Ophthalmologists can be forgiven for sometimes being preoccupied with corneas, lenses, dysfunctional lenses, and even cloudy lenses. Or maculas. Or optic nerves. Any anatomic part of the eye can completely capture our imaginations and divert all our attention. I guess that shouldn’t be too surprising—it is, after all, the organ that we spend our working lives trying to protect, to repair, to heal, to improve, to preserve. How often in a day don’t we refer to the eye or parts of the eye as being a camera or likened to a camera?
The part that I want to focus on in this editorial, however, is the matter of the processing behind the eye: How does what the camera captures become part of our experience, and how is our understanding of this process changing?
Amblyopia is the first thing that comes to mind when ophthalmologists think about the brain and its impact on vision. There is nothing fundamentally wrong with the eye, but, due to a misalignment or a refractive error, the brain chooses one eye over the other. The one that is not the preferred choice becomes lazy, and the brain allows the better eye to dominate the visual sensory input. I often tell parents of a child with amblyopia that the good eye has a broadband connection to the brain, whereas the lazy eye has a slow dial-up connection to the brain.

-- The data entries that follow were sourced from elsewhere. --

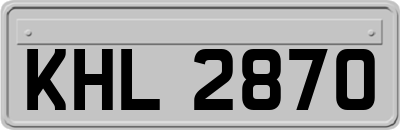 KHL2870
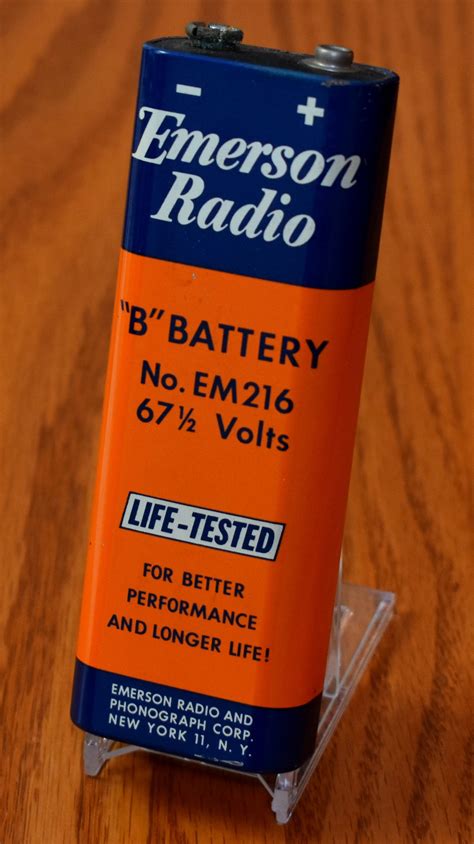 B Battery Picture at Linda Redmon blog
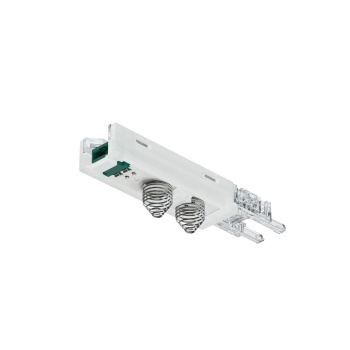 LOOX5 LED 24 V ribavalgusti alumiiniumprofiili sensorlüliti/dimmer (valge)
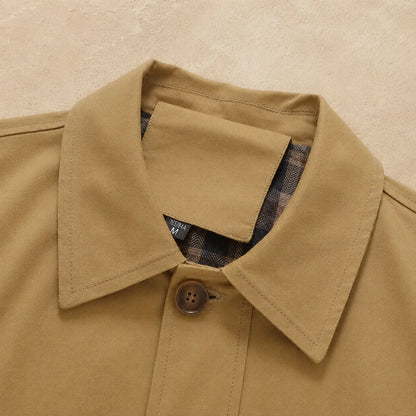 Classic Everyday Utility Jacket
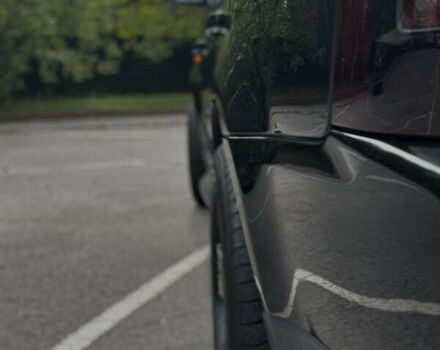 Чорний Ленд Ровер Range Rover Sport, об'ємом двигуна 2.72 л та пробігом 210 тис. км за 9000 $, фото 9 на Automoto.ua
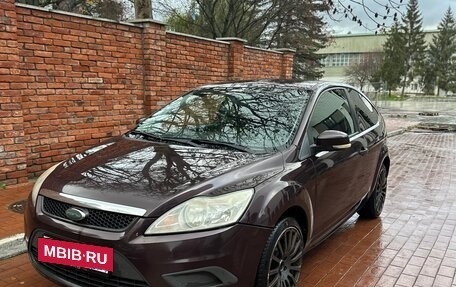 Ford Focus II рестайлинг, 2010 год, 515 000 рублей, 2 фотография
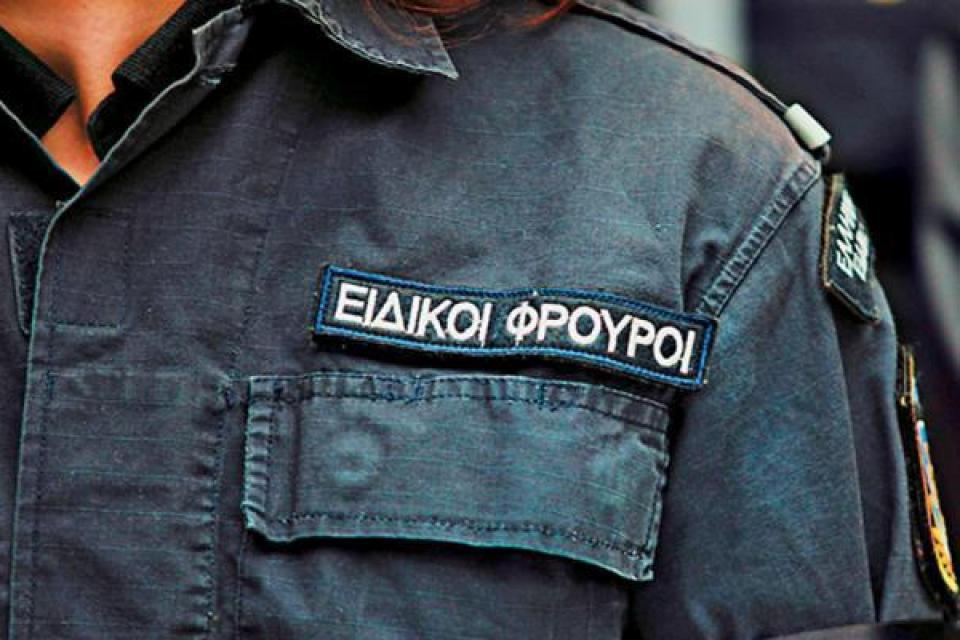ειδικοι φρουροι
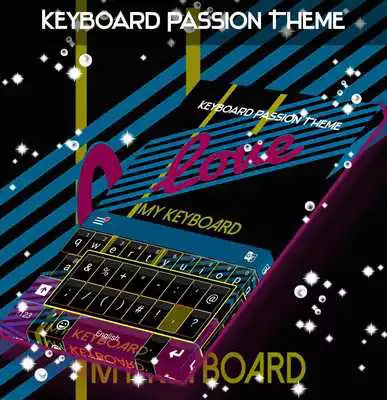 Play Keyboard Passion Theme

I also tell parents that there is a window of opportunity and that brain-training must be done by age 7 or 8. But is this still true today?
Neuroplasticity is the ability of the brain to make new connections, learn new things, and take on functions not normally associated with that brain area. We have been led to believe that, after the age of 7 or 8, patching will no longer work for amblyopia. Today, however, there is progress being made with computer-based games that may help improve amblyopia in adults. This sounds like science fiction, but it is possibly about to become reality.

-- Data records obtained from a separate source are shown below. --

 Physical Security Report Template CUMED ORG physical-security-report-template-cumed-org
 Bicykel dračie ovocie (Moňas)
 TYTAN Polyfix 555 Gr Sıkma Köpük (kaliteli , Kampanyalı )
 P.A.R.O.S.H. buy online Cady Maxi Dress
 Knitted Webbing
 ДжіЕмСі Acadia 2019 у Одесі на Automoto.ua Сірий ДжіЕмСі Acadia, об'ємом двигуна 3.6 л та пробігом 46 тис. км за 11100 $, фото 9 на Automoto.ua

Meanwhile, animal studies have shown that redirecting the visual input into the auditory cortex provides visual acuity of around 20/60 within 6 weeks of the fibers having been redirected. Similarly, implanting the auditory input into the visual cortex allows hearing with the visual cortex.1 Who would have thought that was possible? Patients who have suffered massive strokes can recover to a point where they seem to be functioning normally, despite having only half a brain. So, the motor and sensory functions are now in the same hemisphere?2,3 Not quite what I learned in medical school during anatomy 101. Cochlear implants are just as successful for the 80-year-old as they are for the 8-month-old. Can any of this occur without significant neuroplasticity? How and why did we ever buy into the notion that the brain was so fixed and rigid in its ways?
I predict that, within the next few years to decades, we are going to discover that our brains are the most adaptable and trainable organs in our bodies. Structurally and functionally changing our brains through mental exercises and possibly new drugs will be commonplace in the not-too-distant future. The thought of software upgrades for our brains and downloading new programs for specific purposes is not as far-fetched as we would have believed only a few years ago.

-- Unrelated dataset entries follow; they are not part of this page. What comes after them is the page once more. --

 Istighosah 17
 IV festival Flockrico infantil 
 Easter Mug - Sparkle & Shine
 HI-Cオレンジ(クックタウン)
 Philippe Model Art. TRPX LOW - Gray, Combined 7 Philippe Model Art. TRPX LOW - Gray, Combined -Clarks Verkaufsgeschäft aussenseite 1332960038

If any of this interests you, get yourself a book on neuroplasticity and see what the possibilities are. I enjoyed reading The Brain That Changes Itself, by Norman Doidge, MD. His book awakened me to what the brain’s potential could be. Of the 11 chapters, five are based on work that has led to Nobel Prizes for the scientists involved. This is serious science, even though it may sound a bit like science fiction.
Go on, give your brain a workout. Read this book and let us know what you think.
Arthur B. Cummings, MB ChB, FCS(SA), MMed(Ophth), FRCS(Edin)
Associate Chief Medical Editor
1. Hawkins J, Blakeslee S. On intelligence. New York: Times Books; Henry Holt & Co.; 2004;54.
2. Bach-y-Rita P. Sensory plasticity: Applications to a vision substitution system. Acta Neurologica Scandinavica. 1967;43:417-426.
3. Bach-y-Rita P. Brain mechanisms and sensory substitution. New York: Academic Press; 1972.